Peptide receptor radionuclide therapy (PRRT) either using Lu-177 or Y-90 peptide radiopharmaceuticals has emerged as promising treatment modality in patients with inoperable metastatic neuroendocrine tumour (NET) including medullary thyroid cancer, because of overexpression of somatostatin receptor 2 (sstr-2) on these cells. The several investigators have used PRRT in non-iodine avid differentiated thyroid cancer patients with limited success, where other treatment modalities have failed, probably due to faint sstr-2 expression in these lesions. However Hurthle cell neoplasms being predominantly non-iodine avid lesions have shown sstr-2 over-expression. The present case of inoperable NET patient imaged and treated with radiolabelled somatostatin analogue showed incidentally detected thyroid lesion highlighting the its importance in imaging and treatment in these type of thyroid malignancies.

Keywords: F-18-fludeoxyglucose positron emission tomography/computed tomography, Ga-68 DOTANOC positron emission tomography/computed tomography, Hurthle cell neoplasm, Lu-177 DOTATATE, peptide receptor radionuclide therapy


How to cite this article:
Sood A, Singh H, Sood A, Basher RK, Mittal BR. Incidentally detected thyroid follicular neoplasm on somatostatin receptor imaging and post-therapy scan. Indian J Nucl Med 2017;32:224-6

How to cite this URL:
Sood A, Singh H, Sood A, Basher RK, Mittal BR. Incidentally detected thyroid follicular neoplasm on somatostatin receptor imaging and post-therapy scan. Indian J Nucl Med [serial online] 2017 [cited 2017 Sep 25];32:224-6. Available from: http://www.ijnm.in/text.asp?2017/32/3/224/207887




   Introduction Top


Neuroendocrine tumors (NETs) including medullary thyroid carcinoma overexpress the different somatostatin receptor (SSTR 1–5) subtypes.
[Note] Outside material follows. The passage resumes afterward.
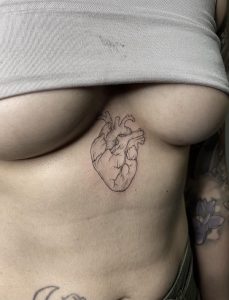 tattoo-lineas-finas-corazon-madrid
These receptors have been utilized for the detection and treatment of the NETs.[1],[2],[3] The differentiated thyroid carcinoma (DTC) is also seen to express SSTR, but the different studies indicate that the expression of the different subtypes of SSTR is more variable than in NETs where it is predominantly SSTR2 expression. The noniodine avid differentiated thyroid cancer with limited treatment options has shown variable therapeutic efficacy of peptide receptor radionuclide therapy (PRRT) in progressive metastatic/recurrent disease.[4],[5],[6] Here is a case of patient with inoperable gastropancreatic NET with lymph node/hepatic metastatic and tracer avid right thyroid lobe lesion detected on whole-body Ga-68 DOTATATE positron emission tomography/computed tomography (PET/CT) scan. The thyroid lesion shown to be follicular neoplasm on histopathology. The subsequent post-Lu-177 DOTATATE therapy scan showed the tracer uptake in thyroid lesion in addition to lesions at primary and metastatic sites. This case report emphasizes the importance of evaluation of thyroid lesions detected on SSTR imaging along with the potential use of Lu-177 DOTATATE as an adjunctive therapeutic option in relatively radioiodine resistant neoplasm.


   Case Report Top


A 46-year-old male presented with severe abdomen pain and jaundice of 1-month duration, preceded by mild abdominal pain and vomiting on and off for the past 3 years. The ultrasound and contrast-enhanced computed tomography of the abdomen revealed a mass in the mesentery in front of D3 and D4 part of the duodenum, abdominal lymphadenopathy, and multiple hypodense liver lesions. The histopathology of the mesenteric mass revealed to be metastatic NET. The patient underwent whole-body Ga-68 DOTANOC PET/CT to assess the extent of the disease as well avidity for SSTR in the lesions. The imaging revealed SSTR expressing circumferential mural thickening (~1.3 cm) at the duodenopyloric region (maximum standardized uptake value [SUV] 44.1) with retroperitoneal and mesenteric lymphadenopathy (~3.0 cm × 2.5 cm; maximum SUV 33.5) and multiple hypodense lesions in the liver (maximum SUV ~18.0) along with SSTR expressing nodular hypodense lesion (~1.3 cm × 1.2 cm; maximum SUV 10.1) in the right lobe of the thyroid gland. The whole-body F-18-fludeoxyglucose (FDG) PET/CT scan done as a part of protocol for PRRT also showed intense tracer avid lesion in the right thyroid lobe in addition to mildly FDG avid lesions in primary and metastatic sites of NET origin [Figure 1]a,[Figure 1]b,[Figure 1]c,[Figure 1]d,[Figure 1]e,[Figure 1]f,[Figure 1]g,[Figure 1]h. Ultrasonography (USG) neck revealed a hypoechoic nodule (~1.2 cm × 1.0 cm) with no microcalcification, in the right lobe of thyroid. The USG-guided fine-needle aspiration (FNA) done from the thyroid lesion revealed cytology consistent with Hurthle cell neoplasm. The patient was given an option of thyroid surgery, but he refused for the same, due to existing inoperable NET.
Figure 1: (a-h) Whole-body Ga-68 DOTANOC positron emission tomography/computed tomography and F-18 fludeoxyglucose positron emission tomography/computed tomography scintigraphy: Maximum intensity projection images, computed tomography, and fused cross-sectional images of the abdomen and thyroid region showed intense somatostatin avid tracer uptake in the primary site lesion, mesenteric lymph nodal mass, multiple hypodense liver lesions, and focal lesion in the right thyroid region (arrow). Mild fludeoxyglucose uptake is noted in the primary site lesion, mesenteric lymph nodal mass, and multiple hypodense liver lesions; however, right thyroid lobe nodule showed intense fludeoxyglucose uptake (arrow)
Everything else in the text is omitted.